Supplied data:
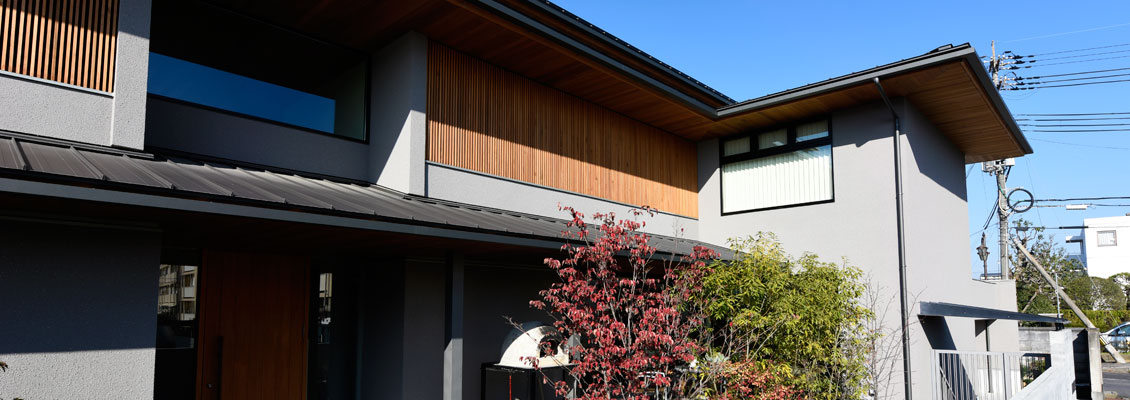 自然景観や歴史的な町並みに溶け込む_イメージ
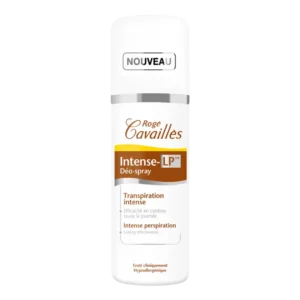 ROGE CAVAILLES DEO SPRAY SOIN INTENSE LP 125 ML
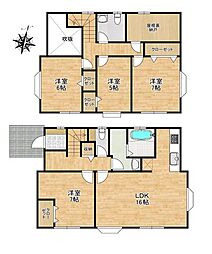 南区柏原2丁目　中古戸建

Action item:
Give back all of the data exactly, but not the pictures.

Result for this task:
 自然景観や歴史的な町並みに溶け込む_イメージ
 ROGE CAVAILLES DEO SPRAY SOIN INTENSE LP 125 ML
 南区柏原2丁目　中古戸建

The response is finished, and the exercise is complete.